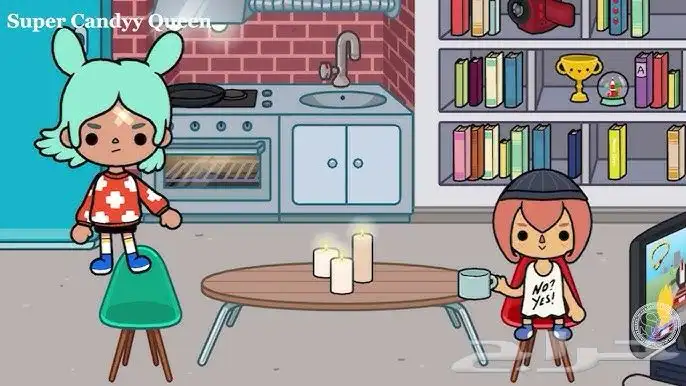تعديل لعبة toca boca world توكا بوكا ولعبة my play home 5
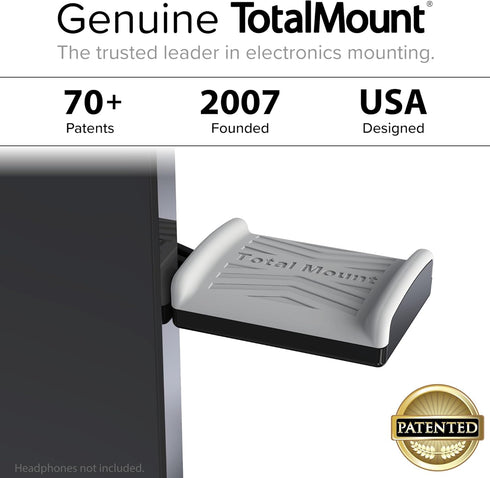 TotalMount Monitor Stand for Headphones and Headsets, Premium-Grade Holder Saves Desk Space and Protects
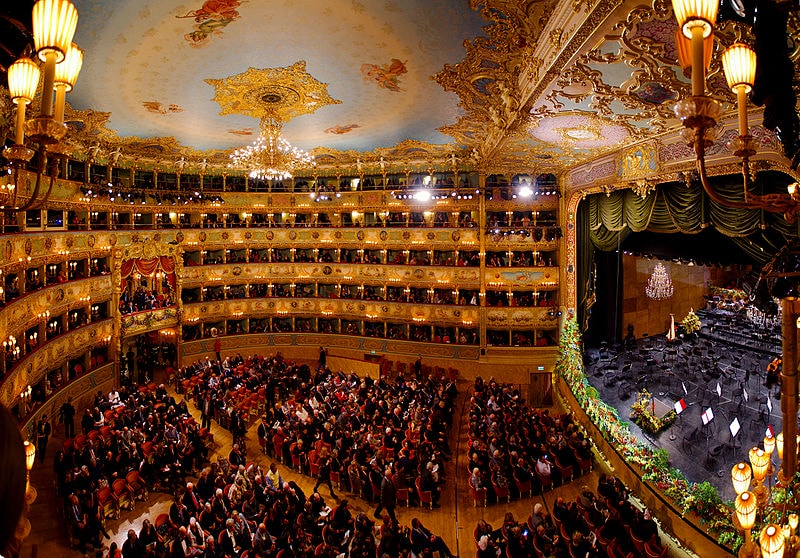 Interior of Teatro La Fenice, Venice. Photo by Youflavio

#####

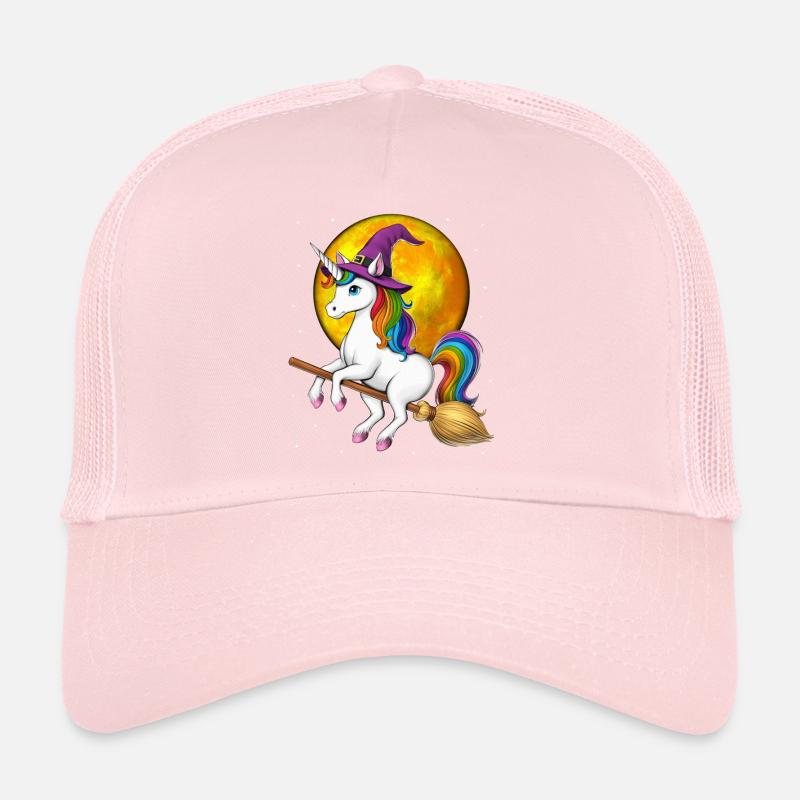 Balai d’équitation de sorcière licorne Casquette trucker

#####

_ASSIGNMENT:_
Only the lines above from the one containing "TotalMount Monitor Stand" through the one containing "Interior of Teatro" should be returned, verbatim and inclusive, with pictures excluded.

_TASK ANSWER:_
 TotalMount Monitor Stand for Headphones and Headsets, Premium-Grade Holder Saves Desk Space and Protects
 Interior of Teatro La Fenice, Venice. Photo by Youflavio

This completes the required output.